When Netflix first announced Q-Force back in 2019, the animated series sounded like a queer sendup of the James Bond franchise and other stories about hypermasculine superspies that have been fixtures in the genre space for decades. But Q-Force’s first trailer makes it pretty clear that the energy it’s going for is less 007 and more Totally Spies, aimed at the nearing-middle-age adults who first watched that series when it was first airing back in 2001.

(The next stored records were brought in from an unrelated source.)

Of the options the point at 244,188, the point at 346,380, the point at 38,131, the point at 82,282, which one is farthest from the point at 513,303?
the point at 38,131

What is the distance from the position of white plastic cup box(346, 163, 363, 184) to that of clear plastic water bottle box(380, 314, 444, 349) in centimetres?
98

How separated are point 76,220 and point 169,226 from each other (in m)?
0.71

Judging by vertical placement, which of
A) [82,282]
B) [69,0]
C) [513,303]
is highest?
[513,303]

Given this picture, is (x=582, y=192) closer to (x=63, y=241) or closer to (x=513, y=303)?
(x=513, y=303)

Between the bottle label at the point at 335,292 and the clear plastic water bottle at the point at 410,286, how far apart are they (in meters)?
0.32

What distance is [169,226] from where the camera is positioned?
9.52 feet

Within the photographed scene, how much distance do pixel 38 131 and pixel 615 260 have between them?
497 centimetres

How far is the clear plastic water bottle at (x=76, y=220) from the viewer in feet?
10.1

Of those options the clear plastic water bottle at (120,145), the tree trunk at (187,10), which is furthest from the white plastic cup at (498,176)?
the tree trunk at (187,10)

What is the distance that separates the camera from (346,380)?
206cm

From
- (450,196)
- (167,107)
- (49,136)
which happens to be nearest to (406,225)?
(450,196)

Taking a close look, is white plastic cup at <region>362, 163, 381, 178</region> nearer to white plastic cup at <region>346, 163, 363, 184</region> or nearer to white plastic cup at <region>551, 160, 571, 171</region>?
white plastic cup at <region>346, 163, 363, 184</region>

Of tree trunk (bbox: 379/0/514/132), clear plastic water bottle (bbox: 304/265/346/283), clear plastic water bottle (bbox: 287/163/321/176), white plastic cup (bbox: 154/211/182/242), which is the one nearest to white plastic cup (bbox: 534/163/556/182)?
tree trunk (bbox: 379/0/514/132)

Q-Force’s trailer introduces Steve Maryweather (Sean Hayes), a former member of the American Intelligence Agency who was once one of its most valued assets until he came out of the closet. After the AIA tries to write off Maryweather, aka “Agent Mary,” by assigning him to their West Hollywood branch, he rejects the organisation’s plans to minimise his talents and forms his own ragtag team. They include fellow queer geniuses like mechanics specialist Deb (Wanda Sykes), a disguise expert whose name is literally just Twink (Matt Rogers), and Stat (Patti Harrison), the squad’s tech expert. Rounding out Q-Force is Agent Buck (David Harbour), the sole straight man counted among them who’s only on the team because the AIA requires it despite the fact that everyone else is perfectly capable of doing their jobs.

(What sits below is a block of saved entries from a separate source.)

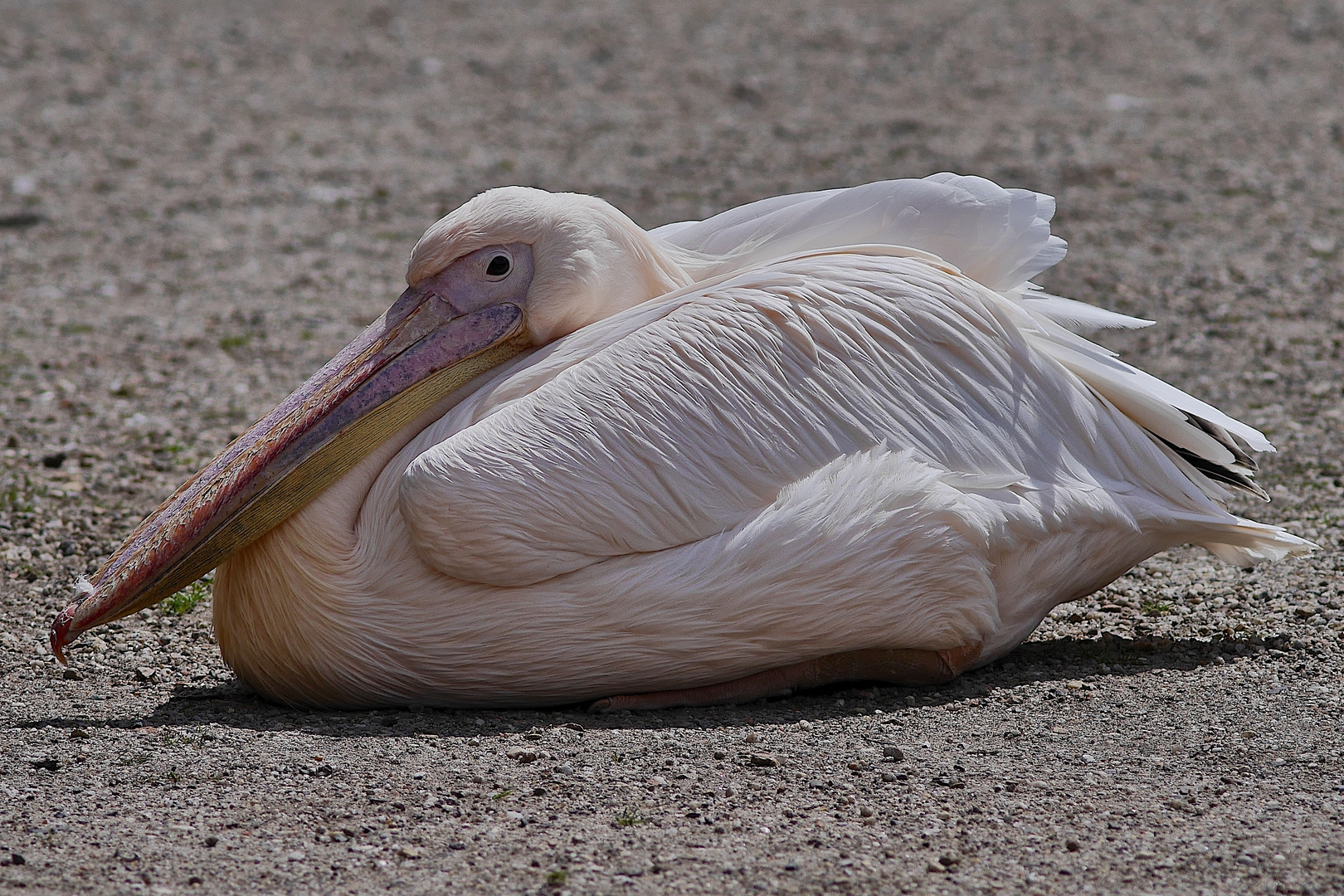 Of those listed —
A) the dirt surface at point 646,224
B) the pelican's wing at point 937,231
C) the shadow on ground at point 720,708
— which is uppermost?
the pelican's wing at point 937,231

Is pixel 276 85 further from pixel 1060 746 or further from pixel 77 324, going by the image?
pixel 1060 746

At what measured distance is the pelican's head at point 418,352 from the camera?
11.5ft

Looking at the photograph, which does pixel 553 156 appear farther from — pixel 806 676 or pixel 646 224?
pixel 806 676

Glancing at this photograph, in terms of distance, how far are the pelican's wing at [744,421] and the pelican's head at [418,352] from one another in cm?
14

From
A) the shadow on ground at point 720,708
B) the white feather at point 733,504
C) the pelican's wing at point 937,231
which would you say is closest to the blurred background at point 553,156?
the shadow on ground at point 720,708

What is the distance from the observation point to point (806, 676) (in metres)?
3.57

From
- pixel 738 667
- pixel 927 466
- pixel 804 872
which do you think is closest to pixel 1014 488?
pixel 927 466

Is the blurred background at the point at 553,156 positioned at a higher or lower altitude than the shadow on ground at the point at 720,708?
higher

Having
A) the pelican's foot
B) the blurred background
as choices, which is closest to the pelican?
the pelican's foot

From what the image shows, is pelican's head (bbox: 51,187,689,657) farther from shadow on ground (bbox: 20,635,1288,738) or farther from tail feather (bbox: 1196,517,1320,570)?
tail feather (bbox: 1196,517,1320,570)

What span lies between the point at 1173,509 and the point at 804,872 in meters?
1.65

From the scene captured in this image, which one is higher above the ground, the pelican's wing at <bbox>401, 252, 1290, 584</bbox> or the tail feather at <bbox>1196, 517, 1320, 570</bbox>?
the pelican's wing at <bbox>401, 252, 1290, 584</bbox>

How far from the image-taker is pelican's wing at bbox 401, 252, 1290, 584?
3314 millimetres

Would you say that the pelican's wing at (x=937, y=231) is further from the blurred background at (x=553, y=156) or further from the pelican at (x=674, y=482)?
the blurred background at (x=553, y=156) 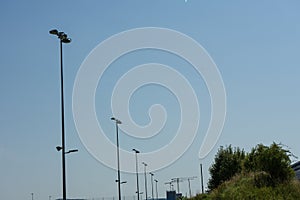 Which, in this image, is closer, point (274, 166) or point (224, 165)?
point (274, 166)

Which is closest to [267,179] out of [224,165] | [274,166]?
[274,166]

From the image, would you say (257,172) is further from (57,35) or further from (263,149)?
(57,35)

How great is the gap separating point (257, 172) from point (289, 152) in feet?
7.56

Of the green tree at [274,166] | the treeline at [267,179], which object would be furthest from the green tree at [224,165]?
the green tree at [274,166]

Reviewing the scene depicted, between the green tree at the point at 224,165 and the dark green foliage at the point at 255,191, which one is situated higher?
the green tree at the point at 224,165

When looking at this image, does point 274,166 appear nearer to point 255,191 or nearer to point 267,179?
point 267,179

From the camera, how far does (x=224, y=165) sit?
162 feet

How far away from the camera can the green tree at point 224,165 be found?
Answer: 48.9m

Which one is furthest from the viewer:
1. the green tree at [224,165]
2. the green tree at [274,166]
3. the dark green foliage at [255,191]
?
the green tree at [224,165]

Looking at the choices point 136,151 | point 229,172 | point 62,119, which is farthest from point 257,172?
point 136,151

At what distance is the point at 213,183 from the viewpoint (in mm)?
50469

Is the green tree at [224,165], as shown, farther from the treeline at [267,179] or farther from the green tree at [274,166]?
the green tree at [274,166]

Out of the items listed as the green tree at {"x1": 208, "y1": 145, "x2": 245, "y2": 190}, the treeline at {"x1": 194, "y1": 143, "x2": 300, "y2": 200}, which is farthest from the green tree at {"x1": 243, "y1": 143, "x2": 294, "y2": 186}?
the green tree at {"x1": 208, "y1": 145, "x2": 245, "y2": 190}

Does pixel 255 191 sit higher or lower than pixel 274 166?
lower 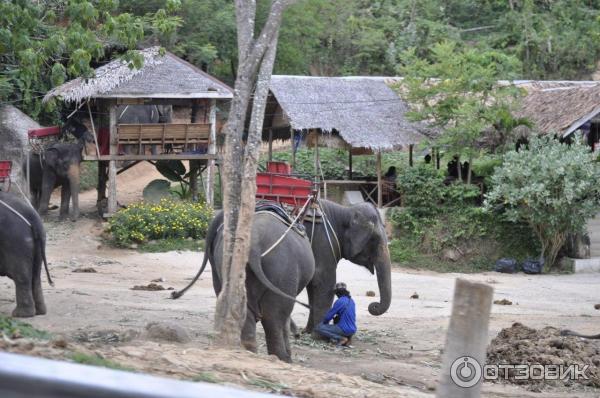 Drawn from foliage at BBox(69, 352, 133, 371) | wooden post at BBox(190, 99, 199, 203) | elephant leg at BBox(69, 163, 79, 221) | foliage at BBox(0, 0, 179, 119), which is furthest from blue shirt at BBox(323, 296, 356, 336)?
wooden post at BBox(190, 99, 199, 203)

Q-Force seems to have a similarly raunchy energy to it that Netflix’s Super Drags did. But where that series’ outsized characters tended to feel more like a knowing attempt at lovingly poking fun at queer culture while focusing on the subversion of gender, Q-Force’s premise and the jokes in the trailer come across like a much more tame and recognisable go at the kind of queer pandering the show itself calls out.

Trailers can be deceiving, and Q-Force might end up having something interesting to say when it premieres, but it won’t likely be part of this year’s Pride discourse, as the show doesn’t hit Netflix until September 2.